Advocate General Kokott’s Opinion in T-Mobile (2009) includes an interesting discussion of why Article 101(1) makes a distinction between object and effect restrictions. First, the classification of certain types of agreement as restrictive by object ‘sensibly conserves resources of competition authorities and the justice system’ (T-Mobile Opinion, paragraph 43). The fact that a competition authority does not need to demonstrate, for example, that a horizontal price-fixing agreement produces adverse economic effects relieves it of some of the burden that would otherwise rest upon it. Secondly, the Advocate General pointed out that the existence of object restrictions ‘creates legal certainty and allows all market participants to adapt their conduct accordingly’ (T-Mobile Opinion, paragraph 43) adding that, although the concept of restriction by object should not be given an unduly broad interpretation, nor should it be interpreted so narrowly as to deprive it of its practical effectiveness (T-Mobile Opinion, paragraph 44). Thirdly, she pointed out that, just as a law that forbids people from driving cars when under the influence of alcohol does not require, for a conviction, that the driver has caused an accident—that is to say proof of an effect—so, in the same way, Article 101(1) prohibits certain agreements that have the object of restricting competition, irrespective of whether they produce adverse effects on the market in an individual case (T-Mobile Opinion, paragraph 47); such agreements will be permitted, therefore, only where the parties can demonstrate that they will lead to economic efficiencies of the kind set out in Article 101(3), and that a fair share of those efficiencies will be passed on to consumers. A competition authority is entitled to conclude that an agreement restricts competition both by object and by effect (Hungarian Banks, paragraphs 33 to 44).
Section 1 of the US Sherman Act 1890 characterises some agreements as per se illegal, whereas others are subject to so-called ‘rule of reason’ analysis. Where there is a per se infringement it is not open to the parties to the agreement to argue that it does not restrict competition: it belongs to a category of agreement that has, by law, been found to be restrictive of competition. There is an obvious analogy between an agreement that is per se illegal under the Sherman Act and one that is restrictive of competition by object under Article 101(1). However there is an important difference between section 1 of the Sherman Act and Article 101 TFEU in that, even if an agreement has as its object the restriction of competition, that is to say that it infringes Article 101(1) per se, the parties can still attempt to justify it under Article 101(3). This possibility does not exist in US law, since there is no equivalent of Article 101(3) in that system.
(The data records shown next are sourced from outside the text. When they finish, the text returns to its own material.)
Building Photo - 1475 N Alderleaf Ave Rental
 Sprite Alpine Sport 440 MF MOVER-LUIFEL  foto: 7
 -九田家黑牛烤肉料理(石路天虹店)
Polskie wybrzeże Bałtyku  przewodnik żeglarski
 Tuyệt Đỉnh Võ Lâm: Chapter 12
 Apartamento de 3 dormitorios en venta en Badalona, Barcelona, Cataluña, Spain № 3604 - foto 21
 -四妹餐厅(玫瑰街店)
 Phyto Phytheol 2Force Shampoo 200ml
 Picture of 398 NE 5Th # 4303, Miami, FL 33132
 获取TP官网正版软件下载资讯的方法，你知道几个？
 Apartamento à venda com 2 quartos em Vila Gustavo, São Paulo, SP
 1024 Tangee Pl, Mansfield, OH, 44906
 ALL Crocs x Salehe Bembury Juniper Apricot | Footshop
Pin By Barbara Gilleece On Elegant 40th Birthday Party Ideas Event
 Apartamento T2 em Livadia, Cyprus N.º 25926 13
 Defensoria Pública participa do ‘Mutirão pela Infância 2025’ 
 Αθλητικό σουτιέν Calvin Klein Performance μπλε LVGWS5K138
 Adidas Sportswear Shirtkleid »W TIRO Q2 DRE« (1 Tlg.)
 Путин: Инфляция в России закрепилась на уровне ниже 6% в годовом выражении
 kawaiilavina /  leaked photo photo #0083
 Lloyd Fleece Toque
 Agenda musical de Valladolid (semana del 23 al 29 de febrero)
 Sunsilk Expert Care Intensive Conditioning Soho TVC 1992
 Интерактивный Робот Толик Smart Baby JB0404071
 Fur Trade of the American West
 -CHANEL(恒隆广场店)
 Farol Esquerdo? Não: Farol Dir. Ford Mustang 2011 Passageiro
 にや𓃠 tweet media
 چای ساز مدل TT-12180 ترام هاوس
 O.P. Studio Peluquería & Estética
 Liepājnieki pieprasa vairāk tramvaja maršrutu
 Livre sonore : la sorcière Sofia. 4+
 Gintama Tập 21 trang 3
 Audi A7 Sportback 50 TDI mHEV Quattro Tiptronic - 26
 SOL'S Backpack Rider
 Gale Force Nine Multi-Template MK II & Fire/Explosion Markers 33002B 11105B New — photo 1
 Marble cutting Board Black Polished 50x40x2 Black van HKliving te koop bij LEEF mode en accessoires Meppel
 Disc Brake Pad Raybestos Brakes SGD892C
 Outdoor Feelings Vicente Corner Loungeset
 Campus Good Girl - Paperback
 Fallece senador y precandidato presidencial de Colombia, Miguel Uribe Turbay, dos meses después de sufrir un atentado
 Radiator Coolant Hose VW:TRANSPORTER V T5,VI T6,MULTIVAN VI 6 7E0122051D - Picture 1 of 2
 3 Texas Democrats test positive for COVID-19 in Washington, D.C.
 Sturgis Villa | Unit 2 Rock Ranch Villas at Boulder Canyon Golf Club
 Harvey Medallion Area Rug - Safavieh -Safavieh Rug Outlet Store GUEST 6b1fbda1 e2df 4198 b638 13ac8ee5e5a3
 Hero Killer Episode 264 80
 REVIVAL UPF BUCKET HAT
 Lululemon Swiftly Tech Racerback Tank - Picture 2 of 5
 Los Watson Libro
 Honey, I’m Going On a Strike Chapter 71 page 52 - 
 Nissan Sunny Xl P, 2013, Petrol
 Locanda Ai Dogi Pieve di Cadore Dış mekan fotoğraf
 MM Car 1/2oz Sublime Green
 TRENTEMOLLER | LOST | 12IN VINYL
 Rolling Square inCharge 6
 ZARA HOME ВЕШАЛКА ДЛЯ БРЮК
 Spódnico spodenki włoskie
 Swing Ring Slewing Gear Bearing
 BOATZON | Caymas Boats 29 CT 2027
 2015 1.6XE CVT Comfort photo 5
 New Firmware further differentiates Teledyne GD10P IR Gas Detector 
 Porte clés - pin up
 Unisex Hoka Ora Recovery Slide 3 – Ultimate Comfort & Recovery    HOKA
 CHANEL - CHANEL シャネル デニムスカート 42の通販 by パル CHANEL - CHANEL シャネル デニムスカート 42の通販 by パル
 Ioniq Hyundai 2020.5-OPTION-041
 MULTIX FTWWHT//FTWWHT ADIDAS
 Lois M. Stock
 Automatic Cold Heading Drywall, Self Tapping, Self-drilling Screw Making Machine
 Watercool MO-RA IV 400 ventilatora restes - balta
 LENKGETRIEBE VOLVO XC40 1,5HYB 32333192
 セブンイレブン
In this sense a judgment such as that of the US Supreme Court in Leegin (2007), in which it determined that minimum resale price maintenance should be analysed under the rule of reason rather than being per se illegal, brings US law into alignment with that of the EU: it has always been possible to argue that resale price maintenance satisfies Article 101(3), even though it is classified as having as its object the restriction of competition for the purpose of Article 101(1).